Laissé de côté lors du premier match de la saison contre le Vert & Or de l’Université de Sherbrooke, le plaqueur de première année a obtenu le départ lors des deux dernières rencontres, dont celui de dimanche dans la victoire de 74-0 face aux Stingers de Concordia.

« Ce fut un petit choc, a avoué Desgagné au sujet de la décision des entraîneurs de ne pas l’habiller lors du coup d’envoi de la saison, mais je m’en suis remis. Je me suis parlé à moi-même et je me suis dit que ce n’était pas le temps de peser sur le bouton de panique. Il ne s’agissait que du premier match et la saison peut être longue. Ce n’est pas comment tu débutes qui est important, mais la façon [dont] tu finis la saison qui compte. »

Élu sur l’équipe d’étoiles l’an dernier en Division 1, le produit des Cougars du Collège Champlain a vécu une période d’adaptation. « En raison de la verge qui sépare les deux lignes, j’avais de la misère avec mon jeu de pieds, a-t-il expliqué. C’est encore une lacune, mais je mets l’emphase là-dessus. Je tente d’y penser à chaque entraînement. Dans le circuit collégial, je faisais un pas et je pouvais toucher le joueur de ligne offensive.

« Il y a encore du travail à faire, mais je m’améliore, de poursuivre le gaillard de 6 pi 1 po et 284 lb. Avec Glen [Constantin] comme entraîneur de position et la qualité de nos joueurs de ligne offensive, tu n’as pas le choix de t’améliorer. »

Premier sac

Desgagné a obtenu son premier sac dans la victoire face aux Stingers. « C’était un beau moment, a indiqué l’étudiant en génie mécanique. Le mot d’ordre était de mettre de l’intensité et de prendre avantage de la ligne offensive adverse qui avait accordé plusieurs sacs depuis le début de la saison. » Si Desgagné était content, c’était la même chose pour Alexandre Gagnon. « C’était excitant de réussir un sac à chacune des trois premières séries et j’étais content pour William et Thomas [Khuong] qui ont obtenu leur premier sac en carrière, a mentionné le vétéran ailier défensif, qui a lui aussi obtenu un refoulement du quart-arrière. Ces sacs ont amené énormément d’énergie. On voulait placer Concordia en 2e essai et long, et les demis défensifs ont par la suite fait un très bon travail en couverture. Ils ont haussé leur jeu d’un cran après une contre-performance contre McGill. Contre Montréal, c’est nous sur la ligne défensive qui avions eu des problèmes à stopper le sol. »

Bataille constante

Partant lors des deux dernières parties, Desgagné sait qu’il n’y a rien d’acquis. « Même s’il y a un petit stress de plus, c’est stimulant la bataille à toutes les semaines parce que tu n’as pas le choix de te donner à fond à chaque pratique.
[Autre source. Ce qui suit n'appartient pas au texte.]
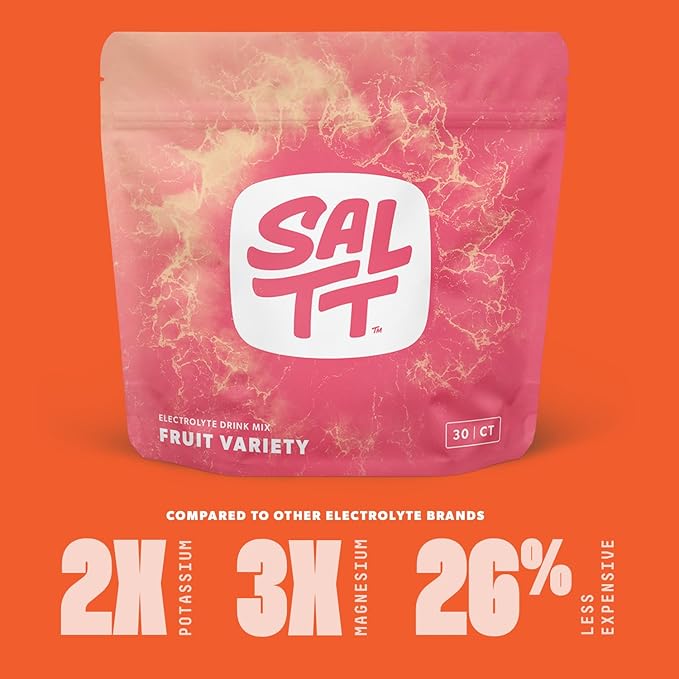 Keto Chow SALTT Electrolytes Powder Packets, Fruit Variety Pack (30 Packets) - Magnesium, Potassium, Sodium, Trace Minerals - Vegan, Sugar Free, Gluten Free - Travel Essentials - Made in USA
C’est en compétitionnant contre de bons joueurs que tu deviens meilleur. »

Zack Fitzgerald : son grand-père dans ses pensées

Zack Fitzgerald a dédié le match contre les Stingers à son grand-père qui est décédé la semaine dernière.
Photo d’archives, Simon Clark
Zack Fitzgerald a dédié le match contre les Stingers à son grand-père qui est décédé la semaine dernière.

Zack Fitzgerald avait une raison de plus de vouloir offrir une bonne performance, dimanche, face aux Stingers de Concordia.

Le demi de coin du Rouge et Or de l’Université Laval a eu la douleur de perdre son grand-père paternel, mercredi. « J’ai joué ce match à cent pour cent pour mon grand-père, a confié Fitzgerald. Je voulais m’assurer de bien faire. Ce fut un match émotif et j’ai été capable de garder la tête sur la rencontre. C’était important de jouer et j’y ai pensé le moins possible. »

Résidant de Calgary, son grand-père est décédé mercredi, mais le demi de coin a pu s’entretenir avec lui avant qu’il rende l’âme. « Je lui ai parlé deux heures avant son décès et j’ai pu lui dire mes derniers mots, a-t-il exprimé. Il était malade depuis trois ans et son décès n’est pas une surprise. J’ai pris l’avion cet été pour me rendre à Calgary et lui dire un dernier au revoir. Même si la distance nous séparait, nous étions [proches]. Depuis que je suis à Laval, il a pu regarder quelques-uns de mes matchs à la télévision. Un membre de la famille est venu à Québec pour le match, et sa visite a fait du bien. »

Moments difficiles

Malgré sa peine, le produit des Cheetahs de Vanier ne voulait pas rater la rencontre face aux Stingers. Il était présent à tous les entraînements la semaine dernière. « Après que j’aie annoncé la nouvelle sur Facebook, un entraîneur m’a offert de prendre du temps à l’écart du football, mais ce n’était pas dans mes options, a-t-il raconté. Les joueurs m’ont appuyé dans cette épreuve. Ils ont aussi réalisé que j’avais parfois la tête ailleurs lors des entraînements. Je sortais de ma bulle. »

Toujours de belle humeur, Fitzgerald a traversé des moments difficiles. « Quand j’ai annoncé la nouvelle aux gars, je n’avais pas le goût de rire. Une fois sur le terrain, c’est difficile de ne pas s’amuser avec les gars. D’avoir la tête au football m’a grandement aidé. »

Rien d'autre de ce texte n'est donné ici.